The new amendment gives us defined standard formulas, specifying mixture composition (components identity and concentrations).
Mixtures with a composition corresponding to a standard formula can be notified according to that formula and deviate from the default Annex VIII concentration limits.
There are 20 standard formulas for cement, 1 standard formula for gypsum and 2 standard formula for ready mix concrete.
For those fuels listed in the table below, the identity and concentration of the mixture’s components listed in the Safety Data Sheet in accordance with Annex II to Regulation (EC) No 1907/2006 may be submitted.

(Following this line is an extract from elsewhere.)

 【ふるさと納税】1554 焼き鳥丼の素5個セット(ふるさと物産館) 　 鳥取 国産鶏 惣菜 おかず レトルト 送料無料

The identity and concentration of any other known component shall also be submitted.
Product description Automotive fuels — Unleaded petrol
Automotive fuels — Ethanol (E85) automotive fuel
Motor fuels — special petrol for powered implements
Liquefied Petroleum Gas used as fuel
Liquefied Natural Gas used as fuel
Automotive fuels — diesel engine fuels with/without biofuel
Paraffinic diesel fuels (eg GTL, BTL or HVO)
Automotive fuels — Paraffinic diesel fuel from synthesis or hydrotreatment
Liquid mineral fuels with the characteristics of domestic fuel oil
MK 1 diesel
Automotive fuels — Diesel fuel oil of environmental class 1 and 2 for high- speed diesel engines
Aviation turbine engine and piston engine fuels
Kerosene — Illuminating paraffin
Illuminating paraffin lampoil Type B and C
Heavy fuel oil
All grades of heavy fuel oil
Marine fuels, containing or not biodiesel
Fatty acid methyl esters (FAME) — Diesel B100
Fatty acid methyl esters (FAME) for use in diesel engines and heating applications
Point of sale — bespoke paints
Unique Formula Identifier (UFI) for point of sale paints, a new article has been introduced to the regulation;
“In the case of a bespoke paint for which no submission in accordance with Annex VIII has been made and no corresponding unique formula identifier has been created, the unique formula identifiers of all the mixtures contained in the bespoke paint in a concentration exceeding 0,1 % which themselves are subject to notification under Article 45 shall be included in the supplemental information on the label of the bespoke paint, located together and listed in descending order of the mixtures’ concentration in the bespoke paint, in accordance with the provisions of Section 5 of Part A of Annex VIII.
In a case falling within the first subparagraph, where the concentration of a mixture with a unique formula identifier in the bespoke paint exceeds 5%, the concentration of that mixture shall also be included in the supplemental information on the label of the bespoke paint next to its unique formula identifier, in accordance with Section 3.4 of Part B of Annex VIII.
For the purposes of this paragraph, ‘bespoke paint’ means a paint that is formulated in limited amounts on a tailor-made basis for an individual consumer or professional user at the point of sale by tinting or colour mixing.”
In summary the new requirements are:
No need to notify the final point of sale mixture.
UFI of base paint to be printed on can of final point of sale paint
UFI of tinters also to be provided on final point of sale paint (eg via sticker)
If concentration of hazardous tinters exceed threshold (5%), the percentage of the tinter has to be displayed besides the UFI.
The latest amendment to the regulation gives clarity on the workability issues.
Companies should ensure that they meet their legal obligations by notifying hazardous mixtures for health and physical effects to ECHA in a timely manner to meet their legal obligations.